This was Dad’s first visit to the Ranch. The devastation was widespread; there was mud everywhere. The cabins across the creek had been destroyed. The main cabin, with its rock foundation and log walls, had withstood the wall of water that had rushed over over its roof. Mud and debris left by the torrent reached to the eaves and over the roof on the north (back) side of the cabin, and there was a layer of mud on the inside. There were many trees down, although some survived. Alder Creek was full of downed wood and debris, and the banks were heavily eroded.

Dad and another man [Note: This man was probably a family friend in his forties
with dark hair and medium build; his name may have been Ernie.]
began cleaning up the mess. "Ernie" did most of the repair work, while my Dad spent his time on heavy labor.

The first order of business was to dig out the doors of the main cabin. The mud inside was removed with shovels and wheel barrows and dumped along the creek to repair the banks. The remaining mess was mopped down with water hauled in from a nearby spring. Later, after they had fixed the pipe to a spring farther up the canyon, they had running water.

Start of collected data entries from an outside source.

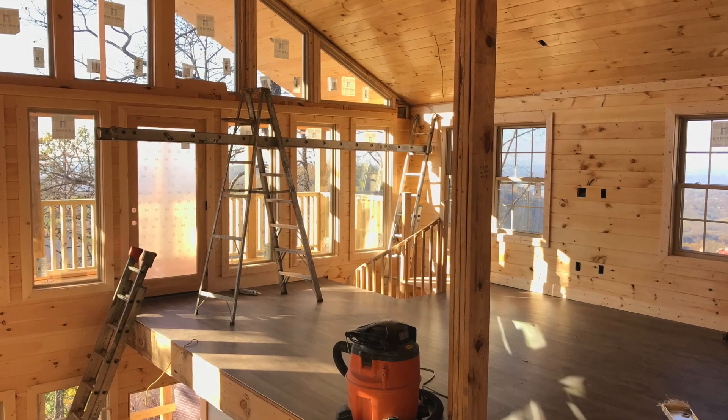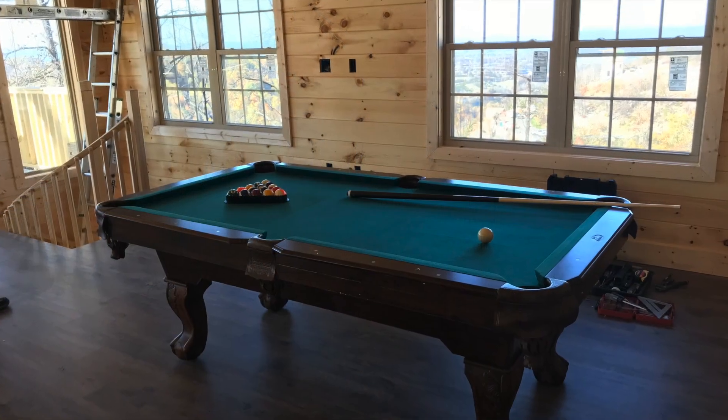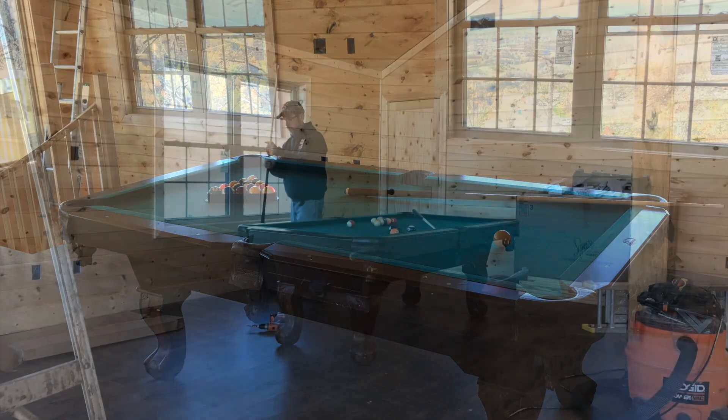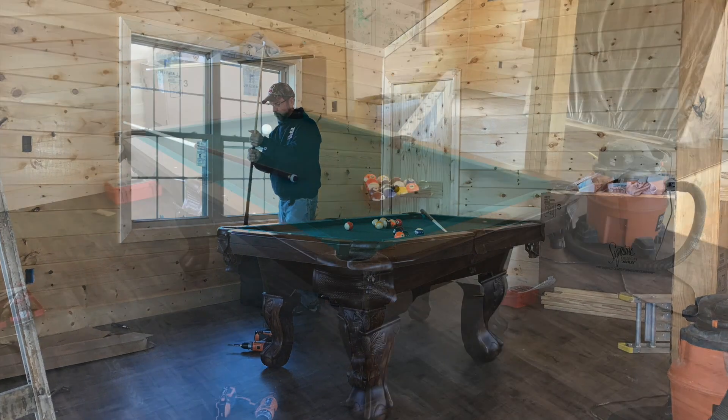The next heavy project before putting up the loft railing was getting the pool table up there. We assembled a contraption of ladders, ropes, and a little bit of scaffolding, got the pool table up, assembled, and put together.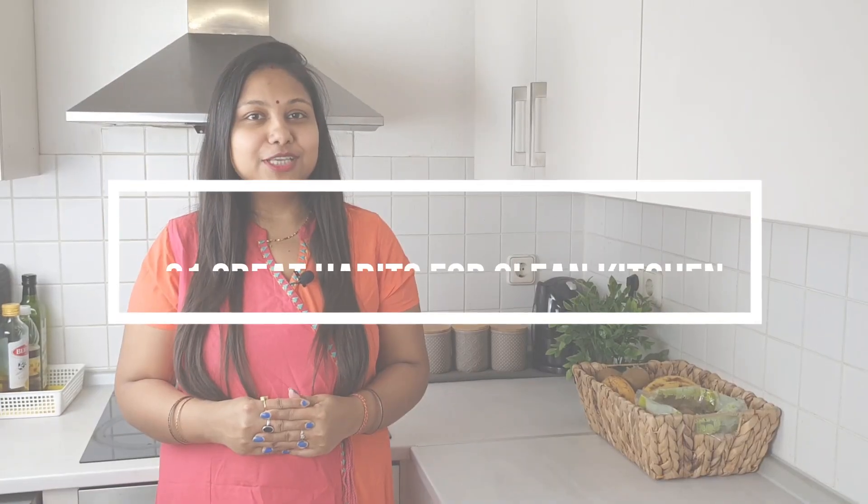Hi guys, welcome to my channel. In today's video I'll talk about some amazing kitchen habits which will keep your kitchen clean and hygienic. Some of you already must be following these habits — these are not something unknown, but these are daily cleaning habits which I follow with all discipline. These will save a lot of your time.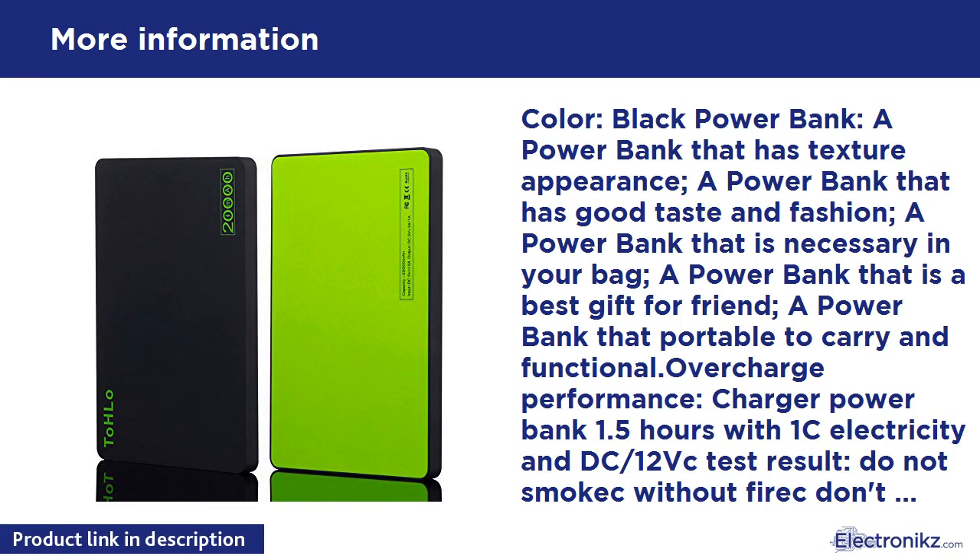Color: Black Power Bank. A power bank that has texture appearance. A power bank that has good taste and fashion. A power bank that is necessary in your bag. A power bank that is the best gift for a friend. A power bank that is portable to carry and functional.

They cleaned the downed wood from Alder Creek, and rebuilt the outhouse that had been destroyed.

They cooked, ate, and slept in the main cabin. Ernie did the cooking, as he was a better cook than my Dad. They cooked on the wood stove in the main cabin. They had a limitless supply of downed wood from the flood; splitting wood was a regular chore.

They did not take many breaks, and had few visitors. Potential tourists knew of the flood damage and stayed away, and locals were too busy on their own flood repair projects. Grandpa (Walter) Thomas drove in with food occasionally, and the Loomis family (my great Uncle Orval Thomas) visited and brought supplies for Ernie. At night they read books and magazines for entertainment.

There were no animals at the Ranch at that time. Dad does not recall a barn at that time; presumably, it was destroyed in the flood. They did have an old collie dog that Dad thinks belonged to Orval and Hazel Thomas, although it may have been the famous
Loomis Ranch collie.

After spending several months on cleanup, my Dad returned to his home in Los Angeles. Ernie stayed at the Ranch and continued the repair work.

Orval and Hazel moved into the Ranch a few years later and lived there with Grace until the early 1950s. Uncle Orval later rebuilt the cabins, perhaps with the help of contractors, and my parents later spent a week of their honeymoon in one of them.